Order Is Not Control

Authors:
Gareth SenequeLap-Hang HoNafise Erfanian SaeediJeffrey MolendijkTim Elson

AI alignment, interpretability, steering, and neural perturbation studies identify order-inducing objects. We argue that order is not control. Control requires a receiver-gated response law: a denominator-indexed operator mapping material state, action/drive, bath, and receiver state to response displacement, sinks, effort, and basin projection. We identify it across biological, LLM, adapter, and stochastic-operator panels. The laws are local: an intervention can be admitted, saturated, sign-changing, leaky, or overdriven depending on medium, bath, receiver state, action port, and comparator.
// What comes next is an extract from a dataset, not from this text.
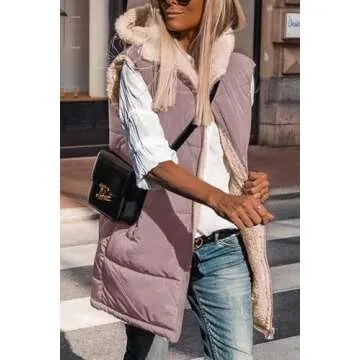 PRETTYGARDEN Womens 2025 Fall Reversible Vests Sleeveless Fleece Jacket Zip Up Hoodie Pockets Long Warm Winter Coat Outerwear (Bean Paste Pink,Medium)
Control is assigned when finite effort moves a target or outcome-readout class under the same denominator while damage, null/evasive, invalid format, overdrive, and unnecessary effort stay bounded. Mouse ALM, C. elegans, and zebrafish panels provide physical response-operator evidence while excluding coordinate identity and controller conclusions. LLM panels show generated-output response laws: across four material conditions, response vectors are predictable at 72.8-73.7% component-sign accuracy, rising to 84.3-84.8% on nonzero components; held-out observers predict system-effect and target/oracle families at 93.6% and 91.7% accuracy. Constitution-conditioned adapters reshape susceptibility as prepared media, and stochastic-operator panels separate measured opportunity from deployable action policies. This gives a driven-dissipative response-system account at the mesoscopic control level: drives act through prepared media, baths, and receivers, producing admitted movement, impedance, sinks, or overdrive. The evidence supports local admitted control and measurable stochastic response operators, while leaving deployable pre-generation control, hidden/logit causal sufficiency, biological-to-LLM coordinate identity, and literal thermodynamic quantities outside scope.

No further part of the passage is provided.